Sous Saïed, l’armée a renforcé son prestige ainsi que son rôle en politique. Le président, qui a été élu en tant qu’outsider sans base de soutien claire, en a toujours eu besoin en tant qu’allié. En juillet 2021, lorsque des chars et des troupes ont empêché les députés d’entrer dans le bâtiment du parlement après la dissolution de cette institution par Saïed, les observateurs se sont inquiétés du fait que l’armée abandonnait son rôle traditionnellement apolitique. Tout cela rend extrêmement imprévisible la façon dont l’armée réagirait dans une situation de troubles accrus.

Dans l’éventualité d’un coup d’État militaire, on ne sait pas non plus comment procéderaient ceux qui prendraient les commandes. Les forces armées voudraient presque certainement céder le pouvoir à un nouveau gouvernement civil le plus rapidement possible, mais trouver un gouvernement neutre et intérimaire serait difficile étant donné le paysage très fracturé. Même en 2013, lorsqu’un gouvernement intérimaire efficace sous la direction du technocrate Mehdi Jomaa a été installé, le processus de sélection était difficile. Au cas où l’armée interviendrait pour empêcher la violence de devenir incontrôlable, il est peu probable qu’elle soit prête à jouer un tel rôle.

Quatrièmement, une impasse prolongée dans laquelle les arrestations et les protestations finissent par s’éteindre et Saïed reste au pouvoir. C’est la possibilité la plus probable, d’autant plus que l’éclatement de la violence généralisée, du moins à ce stade, ne semble pas imminent. Malheureusement, dans ce scénario, étant donné que Saïed n’a apporté aucun changement significatif et sera de plus en plus préoccupé par la sauvegarde de son propre pouvoir, les conditions socio-économiques et politiques continueront de s’aggraver et de décliner.

Compte tenu de ces perspectives, Washington doit être prêt à soutenir économiquement la Tunisie, surtout si d’autres prêteurs ne se présentent pas. Il devrait tirer parti de ce soutien économique pour pousser le président à être plus inclusif et élargir la base du consensus. Un dialogue national qui produit des résultats immédiats offre le plus d’espoir pour calmer les protestations et permettre la mise en place de plans à plus long terme.

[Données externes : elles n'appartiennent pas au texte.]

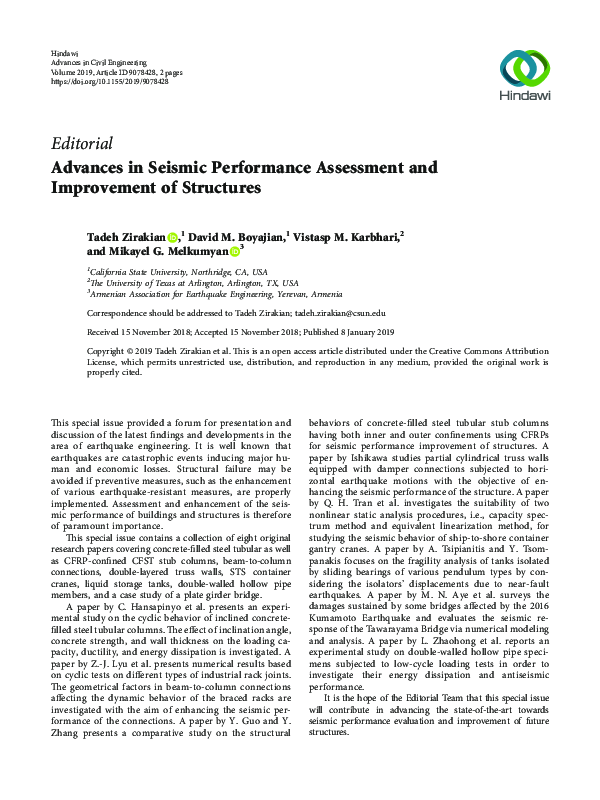 (PDF) Advances in Seismic Performance Assessment and Improvement of ...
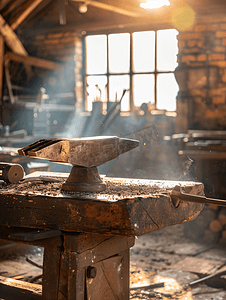 农村铁匠铺里有钳子和锤子的铁砧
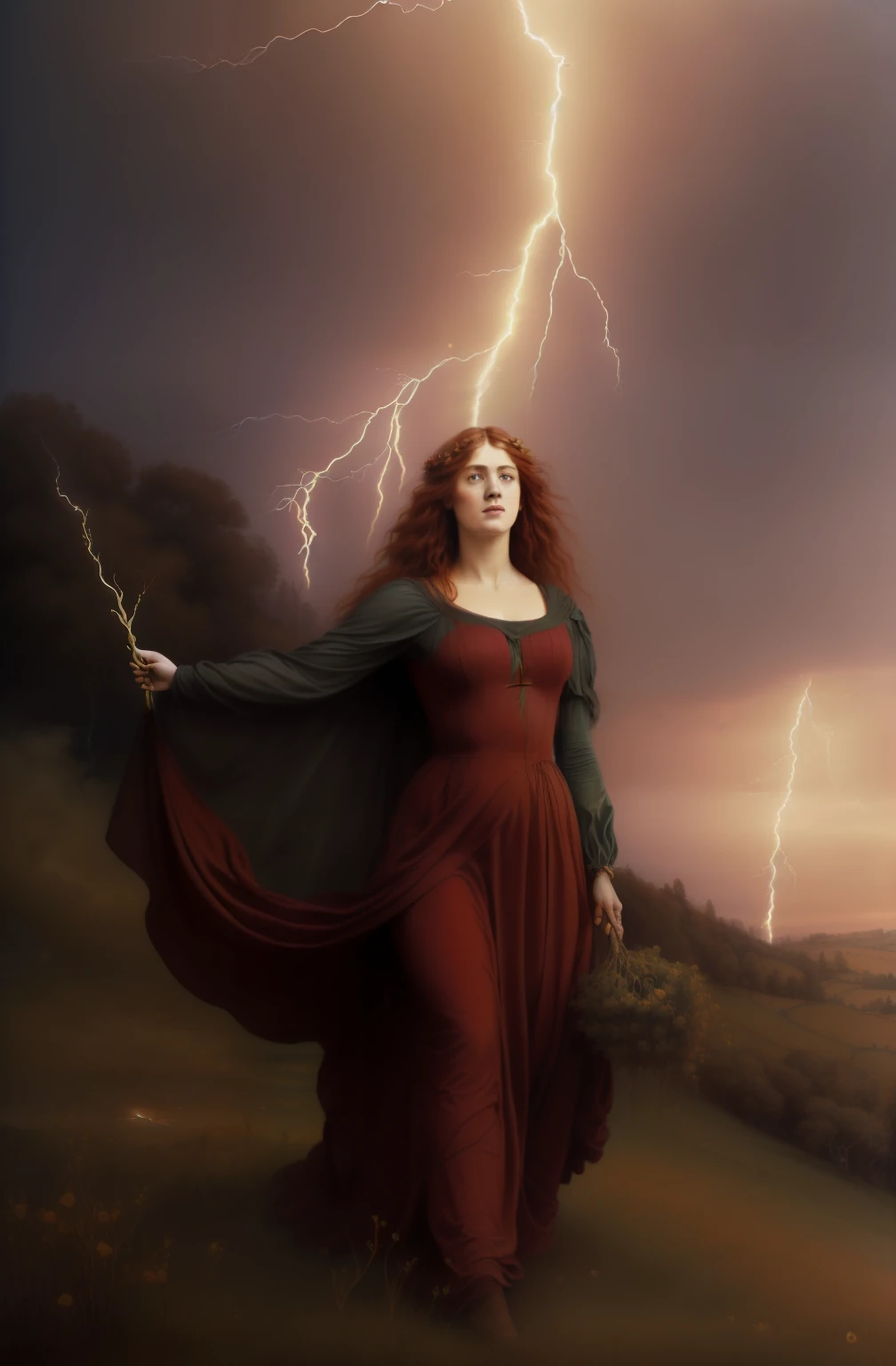 (((pintura pre raphaelite de uma feiticeira, in the midst of mist and mist, Ao longe, Lightning crosses the sky, her dress is red, There is a hawthorn tree)))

La crise actuelle de la Tunisie ne représente que la pointe de l’iceberg, alors que toute la région Afrique du Nord/Sahel glisse rapidement dans un état de profonde instabilité. Les États-Unis devraient travailler avec des partenaires européens pour élaborer un plan régional plus large de réconciliation politique, de respect des droits de l’homme, de coopération économique et de développement socio-économique.

Traduit de l’anglais.

Source : The National Interest.  

* Le Dr Karim Mezran est le directeur de l’Initiative Afrique du Nord au Conseil de l’Atlantique.

** Sabina Henneberg est boursière Soref au Washington Institute for Near East Policy, où elle se spécialise dans les affaires de l’Afrique du Nord. Elle était auparavant analyste senior chez Libya-Analysis LLC.